Por Alexandre Lucas, Colunista
A história da humanidade é marcada pelo conflito. As conquistas sociais, os retrocessos, as disputas e o contraditório recheiam as lutas por democracia e emancipação humana. É impossível narrar a história da humanidade sem corriqueiramente ter um leque de contextos em que interesses divergentes se encontram. Entretanto, existe e não por acaso, um discurso e uma tentativa de apagamento, como se fosse possível, do conflito e do contraditório.
A
democracia não é um novelo de lá, macio e que podemos entrelaçar de pontos
uniformes. Possivelmente democracia seja o inverso: espinhosa e cheia de pontos
desalinhados. É um equívoco conceitual conceber a democracia sem considerar a
realidade e os contextos políticos econômicos, culturais e sociais concretos.
A
poesia pode ser construída conforme o nosso entendimento e querer, delimitamos
o tipo de métrica, o conteúdo, escolhemos as palavras, enfim, deixamos a poesia
com nossa feição, já democracia não é construída por uma ideia única, não é
modelada fora da atmosfera da coletividade e está longe ser uma receita de
padaria, onde basta ter os ingredientes exatos, as quantidades especificas e o
preparo adequado.
A vida social é fruto de uma conectividade de aspectos da infraestrutura e superestrutura da sociedade, é a partir do cruzamento e da complexidade dos aspectos econômicos, culturais e políticos que a democracia é gestada.
Numa
sociedade marcada pela luta de classes sociais distintas e antagônicas,
constatação histórica e social e não uma invenção falaciosa da
contemporaneidade, a democracia refletirá inegavelmente essas disputas de
narrativas e de poder.
Portanto,
o que seria uma gestão democrática e participativa? Para os entusiastas de
compreensão romanceada de democracia, em que que os elementos da analise não se
amparam na realidade objetiva, mas em idealizações, o caminho da gestão
democrática e participativa é marcada pela harmonia, pela escuta e o diálogo.

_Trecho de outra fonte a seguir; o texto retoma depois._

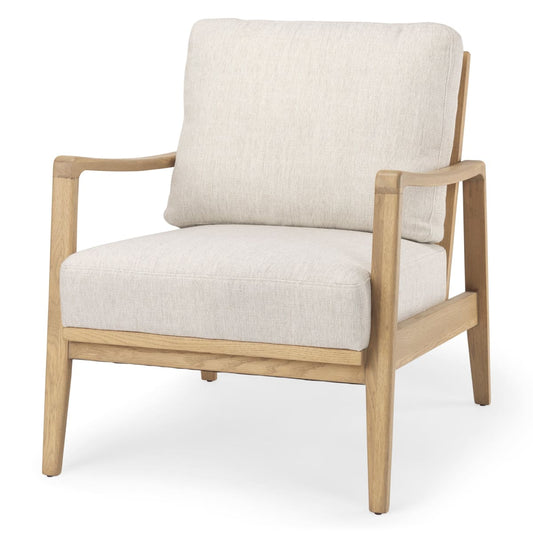 Raeleigh Upholstered Accent Chair Cream Fabric | Light Brown Wood - accent-chairs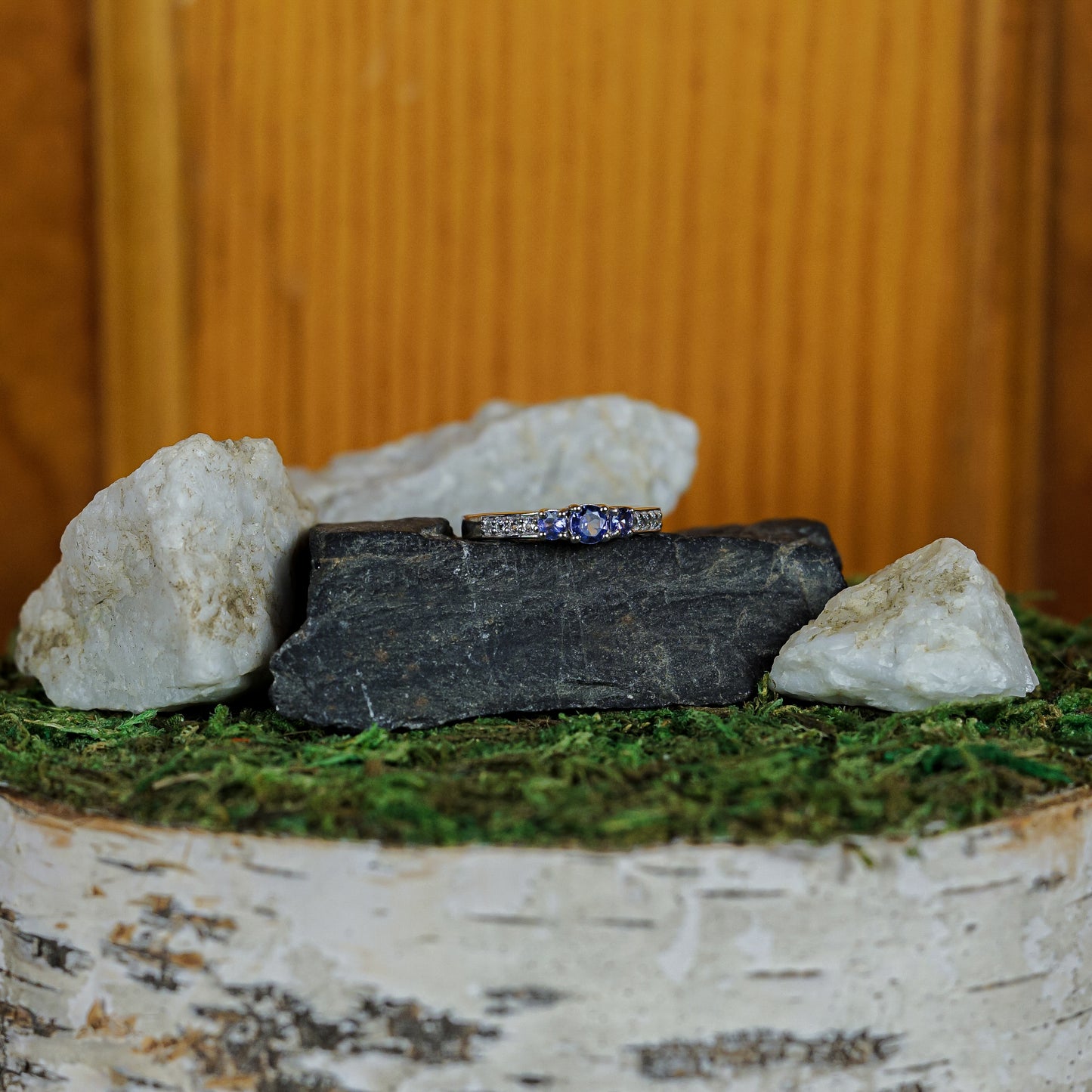 Natural Tanzanite and White Topaz Ring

Para esses o contraditório, o divergente, a oposição, o conflito são elementos
estranhos à democracia.
Essa
compreensão equivocada de democracia é disseminada tanto no campo da direita
como por alguns setores da esquerda e precisa ser combatida de forma frontal,
para que os movimentos sociais se apropriem do sentido da sua existência
histórica e política e para que os gestores ampliem o seu repertório de entendimento
sobre democracia.
Os
mecanismos de controle e participação social, como os conselhos setoriais,
fruto da luta por democracia e emancipação humana, podem ser também, espaços de
escuta e de diálogo do/entre o Poder Público e a Sociedade Civil, entretanto, é
preciso deixar de desvirtuar e romantizar o conceito de gestão democrática e
participativa. Gestão democrática e participativa pressupõe mecanismos de
controle e participação social, o que consequentemente esbarra na disputa de
narrativas, nas relações de poder, no conflito de interesses, no consenso e na
desconformidade, descartar essa característica esboçada na luta de classes, é
desprezar a realidade concreta e construir um falso ideário de democracia que
serve para calar e atrofiar os mecanismos de controle e participação da
sociedade.
Possibilitar
que a sociedade civil, interferirá nos rumos das políticas públicas é um dos
intentos que norteiam os princípios de uma gestão democrática e participativa e
parir essa realidade não é algo harmonioso e simples, é um quebra-cabeça de uma
matemática social que nunca esbarra numa conta exata.
Gestão democrática é acolher o divergente sem colocar cabrestos, é aprofundar o conflito de ideias para nascer uma nova realidade. A democracia não é um romance que a gente escreve como quer.